Estaba temblando bajo el cuero, pues el tiempo inclemente empezaba a afectarla a pesar de su ropa ajustada y su determinación. La idea de abandonar y dejarlo por aquella noche resultaba tentadora, pero no, no era una opción. Una expresión de tozuda determinación se dibujó en su rostro mientras se sacudía de encima aquella debilidad momentánea. Esa noche había licanos en las calles, estaba segura, y no estaba dispuesta a dejarlos escapar aunque eso significara seguir acurrucada bajo la lluvia casi hasta la salida del sol.
Sus aguzados ojos registraron las atestadas calles que discurrían debajo de ella. Al principio no encontraron nada sospechoso. Pero entonces… ¡Alto! ¡Ahí! Entornó la mirada al avistar a dos individuos de aspecto poco recomendable que se abrían camino por una acera abarrotada. Utilizando sus paraguas, codos y miradas asesinas, los dos peatones avanzaban a codazos entre los numerosos peatones que habían decidido desafiar a la tormenta. Sendas chaquetas de cuero los protegían del viento y la lluvia.

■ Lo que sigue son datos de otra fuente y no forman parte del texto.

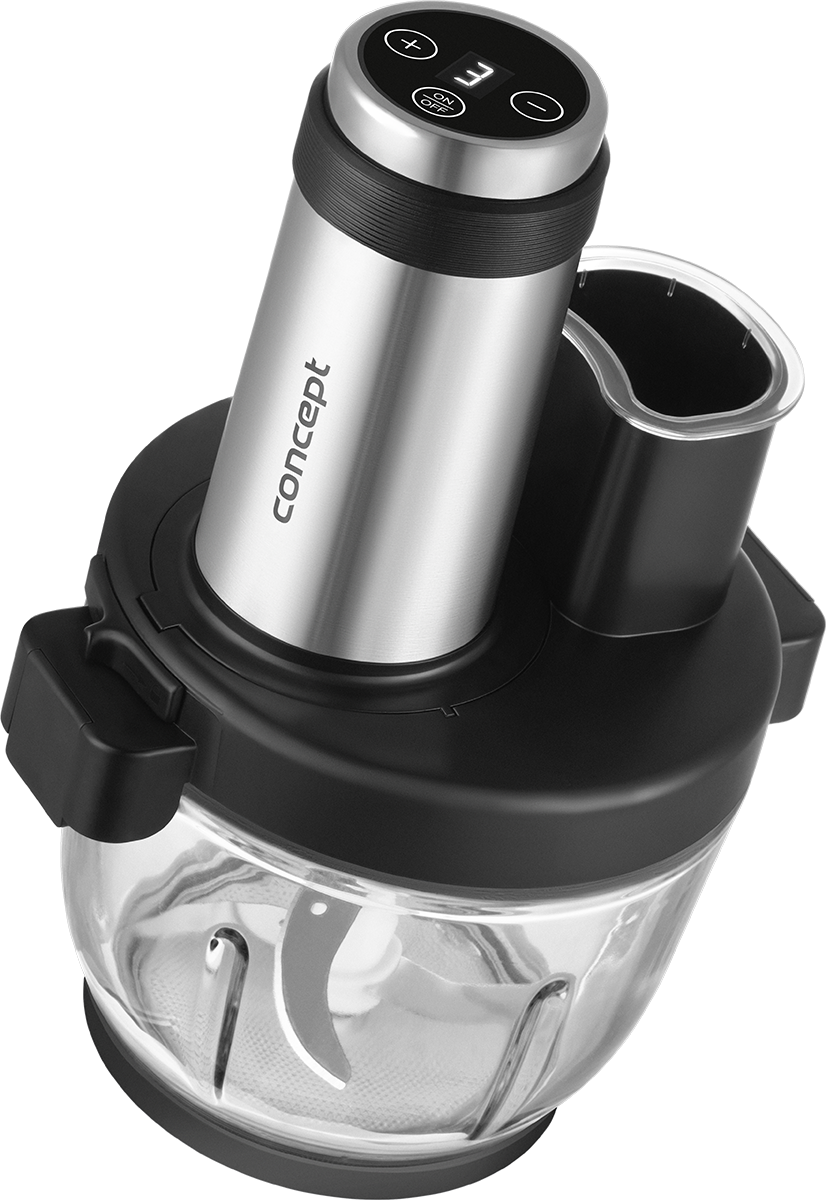 CONCEPT RM3300 Food Processor se struhadlem 1 000 W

Un siseo furioso escapó de los pálidos y rojizos labios de Selene. Incluso en forma humana, los licanos llenaban sus venas de odio y repulsión. La forma que habían adoptado por el momento no podía engañarla: ella sabía perfectamente que los dos rufianes no eran en realidad seres humanos, sino animales repugnantes que trataban de hacerse pasar por tales.

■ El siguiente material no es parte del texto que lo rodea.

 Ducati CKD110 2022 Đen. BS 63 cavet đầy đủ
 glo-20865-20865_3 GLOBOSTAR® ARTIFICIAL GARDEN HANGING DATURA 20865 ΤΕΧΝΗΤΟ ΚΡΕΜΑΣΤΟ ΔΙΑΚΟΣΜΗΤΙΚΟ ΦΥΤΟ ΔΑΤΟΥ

Se ajustaban a la perfección a lo que se decía de ellos en los informes de inteligencia. El más grande de los licántropos, una masa de ciento y pico kilos de pura voracidad asesina, respondía al nombre de Raze. En la mansión, algunos analistas sostenían que en la actualidad era el macho alfa de la manada de Europa central mientras que otros tenían la teoría de que existía otro licano aún por identificar que superaba en rango al propio Raze. Sea como fuere, el matón calvo tenía aspecto de ser un adversario formidable; no podía esperar a llenarle el cuerpo de plata.
Su compañero, un licano de menor tamaño y peso, unos ochenta kilos, era a todas luces un espécimen menor. Era caucásico de apariencia, tenía nerviosos rasgos de rata y una descuidada mata de pelo castaño. Mientras Selene los observaba, Raze empujó sin miramientos al otro licano, cuyo nombre era según todos los informes, y siguió avanzando por la congestionada acera, impulsado por sólo los Antiguos sabían que malvado propósito.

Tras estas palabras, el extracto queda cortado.